- [Exercise aim]:
The entries below hold a line with "Diverse Sieraden uit" and a line with "L’URAGANO AD AMBALAKILONGA di". Return those lines and all that lie between them, exactly and only.

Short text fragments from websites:
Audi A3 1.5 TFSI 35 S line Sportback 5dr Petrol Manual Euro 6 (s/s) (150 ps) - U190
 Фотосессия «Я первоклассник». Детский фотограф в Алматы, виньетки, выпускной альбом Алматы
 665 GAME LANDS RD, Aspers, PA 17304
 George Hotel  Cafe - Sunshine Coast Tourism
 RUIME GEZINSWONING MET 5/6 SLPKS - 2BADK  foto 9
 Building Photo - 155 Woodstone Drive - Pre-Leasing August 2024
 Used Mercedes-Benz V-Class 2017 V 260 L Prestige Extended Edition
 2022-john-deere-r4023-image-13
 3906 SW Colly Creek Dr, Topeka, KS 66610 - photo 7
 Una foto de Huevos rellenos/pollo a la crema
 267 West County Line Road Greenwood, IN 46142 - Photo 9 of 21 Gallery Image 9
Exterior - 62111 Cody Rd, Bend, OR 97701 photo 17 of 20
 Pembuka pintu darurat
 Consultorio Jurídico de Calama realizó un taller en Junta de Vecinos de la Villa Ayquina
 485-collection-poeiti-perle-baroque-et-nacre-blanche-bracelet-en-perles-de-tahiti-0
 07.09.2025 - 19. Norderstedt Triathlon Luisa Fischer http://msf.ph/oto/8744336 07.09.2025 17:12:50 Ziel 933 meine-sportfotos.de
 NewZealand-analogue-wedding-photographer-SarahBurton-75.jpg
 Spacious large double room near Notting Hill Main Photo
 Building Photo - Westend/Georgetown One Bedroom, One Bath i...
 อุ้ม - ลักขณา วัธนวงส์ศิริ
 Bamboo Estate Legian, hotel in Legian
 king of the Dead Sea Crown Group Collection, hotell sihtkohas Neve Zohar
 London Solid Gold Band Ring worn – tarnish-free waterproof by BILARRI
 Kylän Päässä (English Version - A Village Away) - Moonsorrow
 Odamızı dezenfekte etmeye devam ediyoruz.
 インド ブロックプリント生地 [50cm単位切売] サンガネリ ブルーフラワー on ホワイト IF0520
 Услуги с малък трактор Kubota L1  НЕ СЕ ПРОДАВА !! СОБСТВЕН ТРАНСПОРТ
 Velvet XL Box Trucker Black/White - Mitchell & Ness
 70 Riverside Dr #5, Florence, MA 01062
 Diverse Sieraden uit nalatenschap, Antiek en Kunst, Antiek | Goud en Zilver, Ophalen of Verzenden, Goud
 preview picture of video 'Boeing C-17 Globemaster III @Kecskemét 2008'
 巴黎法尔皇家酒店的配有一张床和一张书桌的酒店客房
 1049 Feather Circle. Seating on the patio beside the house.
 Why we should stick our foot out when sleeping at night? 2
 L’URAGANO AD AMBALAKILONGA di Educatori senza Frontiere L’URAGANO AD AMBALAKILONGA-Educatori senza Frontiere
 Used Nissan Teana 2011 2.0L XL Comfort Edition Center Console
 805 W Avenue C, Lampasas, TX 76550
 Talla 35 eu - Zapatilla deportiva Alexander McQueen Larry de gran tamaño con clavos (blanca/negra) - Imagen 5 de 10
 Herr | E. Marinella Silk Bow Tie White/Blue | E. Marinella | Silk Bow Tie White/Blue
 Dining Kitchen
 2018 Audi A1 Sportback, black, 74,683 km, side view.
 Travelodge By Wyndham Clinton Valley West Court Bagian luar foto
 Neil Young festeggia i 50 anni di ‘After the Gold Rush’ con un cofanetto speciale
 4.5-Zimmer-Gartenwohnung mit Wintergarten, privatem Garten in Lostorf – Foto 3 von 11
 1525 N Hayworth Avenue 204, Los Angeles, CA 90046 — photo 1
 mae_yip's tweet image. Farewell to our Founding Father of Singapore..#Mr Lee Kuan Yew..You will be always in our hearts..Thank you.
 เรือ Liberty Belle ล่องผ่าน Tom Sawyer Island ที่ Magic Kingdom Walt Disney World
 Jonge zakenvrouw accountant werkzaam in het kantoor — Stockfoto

- [Solution to this exercise]:
 Diverse Sieraden uit nalatenschap, Antiek en Kunst, Antiek | Goud en Zilver, Ophalen of Verzenden, Goud
 preview picture of video 'Boeing C-17 Globemaster III @Kecskemét 2008'
 巴黎法尔皇家酒店的配有一张床和一张书桌的酒店客房
 1049 Feather Circle. Seating on the patio beside the house.
 Why we should stick our foot out when sleeping at night? 2
 L’URAGANO AD AMBALAKILONGA di Educatori senza Frontiere L’URAGANO AD AMBALAKILONGA-Educatori senza Frontiere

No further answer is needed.